A Protest Denouncing Saudi Depriving the Entry of Oil Vessels into Yemen


On Monday, the Ministry of Agriculture and Irrigation organized a protest in front of the United Nations headquarter in the Yemeni capital of Sana’a, condemning the obstructions and preventions resulted by the Saudi-led aggression upon oil derivatives ships, in conjunction with the visit of the UN Special Envoy to Yemen Martin Griffith.

The protesters raised banners condemning the countries participating in the Saudi-led aggression for imposing an unjust siege on Yemen and preventing the entry of vessels loaded with oil derivatives which affected the agricultural sector that most of the Yemeni population of Yemen depends on.

The participants in the demonstration, which was attended by the Minister of Agriculture and Irrigation, Mr. Abdulmalik Al-Thawr and a number of officials, denounced the continuation of the Saudi aggression on Yemen, where its siege and economic war doubled the suffering of the Yemeni living, as well as causing damage to the agricultural sector and families who get their incomes from working in this sector.

They stressed that the absurd and arbitrary practices of the coalition, by blocking and preventing the entry of ships loaded with oil derivatives, are considered war crimes against humanity.

The statement that was released by the protesters slammed United Nations for not taking any practical steps to stop the coalition of aggression.

The statement expressed that the Ministry alongside the unions and cooperatives, agricultural and industrial associations are shocked by the continued cruel silence of the United Nations against the aggressive practices committed by Saudi Arabia along with its allies for not permitting the entry of oil and food vessels, and the consequent rise in costs of derivatives and commodities.

Hostilities by the Saudi-Led Coalition Continue in Yemen: Military Official

“The United Nations and the visit of the UN envoy to Yemen today in front of a turning point to prove its credibility and impartiality by taking a frank and practical position to stop the practices of the coalition against the Yemeni people.” The statement said.

It is worth to mention that the Yemeni oil company has launched another protest in front of its headquarters for the same cause which was attended by the leadership and employees of the Ministry of Agriculture and Irrigation, in addition to its institutions and bodies, to denounce the obstruction of the US-backed Saudi-led coalition to the entry of oil derivatives.

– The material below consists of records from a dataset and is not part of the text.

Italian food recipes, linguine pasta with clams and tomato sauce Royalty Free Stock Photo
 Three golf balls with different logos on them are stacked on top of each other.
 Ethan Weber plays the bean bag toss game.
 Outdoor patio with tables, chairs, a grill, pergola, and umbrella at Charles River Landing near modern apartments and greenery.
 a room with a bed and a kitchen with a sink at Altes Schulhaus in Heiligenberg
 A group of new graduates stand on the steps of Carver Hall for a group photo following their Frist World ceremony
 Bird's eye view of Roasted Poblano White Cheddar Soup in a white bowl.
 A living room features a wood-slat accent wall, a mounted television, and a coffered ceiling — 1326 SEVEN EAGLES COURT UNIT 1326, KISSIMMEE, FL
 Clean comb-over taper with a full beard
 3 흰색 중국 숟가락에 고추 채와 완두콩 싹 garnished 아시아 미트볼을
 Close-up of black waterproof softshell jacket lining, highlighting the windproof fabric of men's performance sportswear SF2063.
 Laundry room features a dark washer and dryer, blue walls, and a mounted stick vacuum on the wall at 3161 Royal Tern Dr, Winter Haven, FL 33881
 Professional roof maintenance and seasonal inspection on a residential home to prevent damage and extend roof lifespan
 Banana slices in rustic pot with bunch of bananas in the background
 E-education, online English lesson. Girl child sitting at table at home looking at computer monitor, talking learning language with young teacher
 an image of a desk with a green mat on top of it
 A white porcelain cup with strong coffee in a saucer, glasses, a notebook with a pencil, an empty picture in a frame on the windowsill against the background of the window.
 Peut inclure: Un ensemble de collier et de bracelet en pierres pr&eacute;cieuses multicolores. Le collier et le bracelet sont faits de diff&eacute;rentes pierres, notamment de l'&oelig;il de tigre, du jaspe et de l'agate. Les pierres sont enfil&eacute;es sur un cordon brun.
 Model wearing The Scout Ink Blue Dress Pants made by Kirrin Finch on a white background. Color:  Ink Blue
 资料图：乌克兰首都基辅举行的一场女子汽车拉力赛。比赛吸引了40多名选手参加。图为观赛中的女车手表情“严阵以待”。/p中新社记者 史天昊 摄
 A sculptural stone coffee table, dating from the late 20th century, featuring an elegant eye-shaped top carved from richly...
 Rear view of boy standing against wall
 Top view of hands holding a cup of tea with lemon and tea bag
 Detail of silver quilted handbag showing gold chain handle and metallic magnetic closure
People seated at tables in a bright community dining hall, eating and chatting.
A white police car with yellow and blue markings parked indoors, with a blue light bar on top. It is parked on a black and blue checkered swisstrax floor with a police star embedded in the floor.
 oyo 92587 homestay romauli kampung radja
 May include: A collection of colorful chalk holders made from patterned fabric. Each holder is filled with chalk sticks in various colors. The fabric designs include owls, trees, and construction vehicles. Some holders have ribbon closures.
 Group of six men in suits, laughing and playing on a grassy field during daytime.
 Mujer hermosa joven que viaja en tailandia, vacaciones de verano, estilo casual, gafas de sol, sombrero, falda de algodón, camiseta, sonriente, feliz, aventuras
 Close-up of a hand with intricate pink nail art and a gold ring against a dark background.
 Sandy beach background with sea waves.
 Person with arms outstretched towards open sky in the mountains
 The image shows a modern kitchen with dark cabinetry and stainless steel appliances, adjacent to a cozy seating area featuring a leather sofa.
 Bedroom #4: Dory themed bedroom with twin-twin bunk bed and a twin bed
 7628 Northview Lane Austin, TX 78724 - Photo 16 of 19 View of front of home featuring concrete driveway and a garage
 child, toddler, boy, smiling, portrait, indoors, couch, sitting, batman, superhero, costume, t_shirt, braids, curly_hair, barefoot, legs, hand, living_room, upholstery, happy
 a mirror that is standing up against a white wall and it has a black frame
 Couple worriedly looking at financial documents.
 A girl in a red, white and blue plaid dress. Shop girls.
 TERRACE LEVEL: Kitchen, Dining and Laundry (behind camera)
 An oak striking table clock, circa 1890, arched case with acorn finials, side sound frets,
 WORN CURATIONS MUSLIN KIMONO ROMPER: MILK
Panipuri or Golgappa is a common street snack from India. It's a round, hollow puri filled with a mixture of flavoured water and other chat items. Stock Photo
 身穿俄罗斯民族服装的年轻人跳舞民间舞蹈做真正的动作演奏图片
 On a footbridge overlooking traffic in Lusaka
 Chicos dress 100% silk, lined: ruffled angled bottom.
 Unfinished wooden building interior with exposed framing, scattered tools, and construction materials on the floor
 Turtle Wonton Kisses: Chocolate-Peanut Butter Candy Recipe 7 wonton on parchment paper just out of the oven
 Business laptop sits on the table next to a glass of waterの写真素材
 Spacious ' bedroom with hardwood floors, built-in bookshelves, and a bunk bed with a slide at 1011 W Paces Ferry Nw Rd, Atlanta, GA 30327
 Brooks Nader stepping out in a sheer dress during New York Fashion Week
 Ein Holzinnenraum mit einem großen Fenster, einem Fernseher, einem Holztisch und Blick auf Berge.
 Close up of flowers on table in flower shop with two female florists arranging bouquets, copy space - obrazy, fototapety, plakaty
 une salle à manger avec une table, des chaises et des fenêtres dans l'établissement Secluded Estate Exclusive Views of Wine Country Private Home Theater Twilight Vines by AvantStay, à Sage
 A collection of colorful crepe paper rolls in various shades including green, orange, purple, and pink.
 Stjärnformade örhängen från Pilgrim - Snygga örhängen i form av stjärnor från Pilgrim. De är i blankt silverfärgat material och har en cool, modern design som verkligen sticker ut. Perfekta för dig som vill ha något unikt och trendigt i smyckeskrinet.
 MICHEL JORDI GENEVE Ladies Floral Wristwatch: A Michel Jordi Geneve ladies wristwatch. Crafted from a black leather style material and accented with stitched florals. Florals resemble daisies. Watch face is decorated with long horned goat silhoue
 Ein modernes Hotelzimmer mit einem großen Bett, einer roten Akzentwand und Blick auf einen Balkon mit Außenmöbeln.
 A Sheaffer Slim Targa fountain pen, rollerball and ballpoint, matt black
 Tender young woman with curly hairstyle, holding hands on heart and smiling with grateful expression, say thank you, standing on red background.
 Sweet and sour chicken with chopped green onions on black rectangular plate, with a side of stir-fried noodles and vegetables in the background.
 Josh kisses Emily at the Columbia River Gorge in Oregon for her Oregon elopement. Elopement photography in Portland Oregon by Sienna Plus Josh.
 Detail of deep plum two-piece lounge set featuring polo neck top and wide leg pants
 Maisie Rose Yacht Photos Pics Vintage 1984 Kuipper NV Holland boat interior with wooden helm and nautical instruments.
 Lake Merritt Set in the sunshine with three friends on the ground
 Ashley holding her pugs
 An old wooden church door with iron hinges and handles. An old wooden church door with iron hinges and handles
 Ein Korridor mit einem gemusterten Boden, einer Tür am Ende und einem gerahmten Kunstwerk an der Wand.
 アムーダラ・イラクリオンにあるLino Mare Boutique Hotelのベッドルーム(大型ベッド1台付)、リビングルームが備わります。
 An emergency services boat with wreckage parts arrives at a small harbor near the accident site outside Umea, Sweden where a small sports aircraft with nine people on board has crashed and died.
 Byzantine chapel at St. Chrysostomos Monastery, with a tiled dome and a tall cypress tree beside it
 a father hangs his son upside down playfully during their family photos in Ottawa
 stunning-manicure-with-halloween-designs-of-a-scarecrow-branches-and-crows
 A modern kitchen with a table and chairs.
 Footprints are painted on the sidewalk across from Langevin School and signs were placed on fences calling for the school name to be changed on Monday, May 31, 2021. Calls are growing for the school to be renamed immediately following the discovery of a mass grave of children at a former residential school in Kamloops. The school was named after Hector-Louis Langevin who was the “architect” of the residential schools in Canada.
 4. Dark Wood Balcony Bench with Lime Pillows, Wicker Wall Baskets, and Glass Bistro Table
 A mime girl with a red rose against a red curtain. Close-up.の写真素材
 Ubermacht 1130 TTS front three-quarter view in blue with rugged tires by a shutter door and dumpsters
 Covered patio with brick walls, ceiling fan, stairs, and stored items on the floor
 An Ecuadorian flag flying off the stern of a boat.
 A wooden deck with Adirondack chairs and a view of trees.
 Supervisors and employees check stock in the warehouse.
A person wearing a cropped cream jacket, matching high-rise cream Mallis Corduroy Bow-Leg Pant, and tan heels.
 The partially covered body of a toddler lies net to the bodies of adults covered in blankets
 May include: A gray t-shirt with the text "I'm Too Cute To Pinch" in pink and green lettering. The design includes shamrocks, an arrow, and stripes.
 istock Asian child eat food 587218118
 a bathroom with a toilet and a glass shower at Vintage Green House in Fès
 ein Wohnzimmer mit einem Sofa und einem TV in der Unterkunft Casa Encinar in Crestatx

On Monday, the Saudi-led aggression targeted the port of Hodeidah, which resulted in the killing of four people and injuring three others. This comes days after the visit of the UN special envoy to the port, where he stressed that the port must keep operating and fully functioning because of its vitality, which is used in importing %70 of commodities, medical supplies, oil, and many other commercial goods that more than 20 million Yemeni depend on.

Iran’s Foreign minister said in a statement on Monday has offered the ministry’s support for the forthcoming Yemen peace talks while urging the international community to play a “key and serious” role, including by exerting pressure on the exporters of arms to the aggressors in order to “facilitate the peace process in Yemen.”

It also underlined the necessity of facilitating the process of delivering humanitarian aid to Yemen, saying, “It is the world’s historic responsibility today to make efforts to end humanitarian crisis and catastrophe in the Arab country.”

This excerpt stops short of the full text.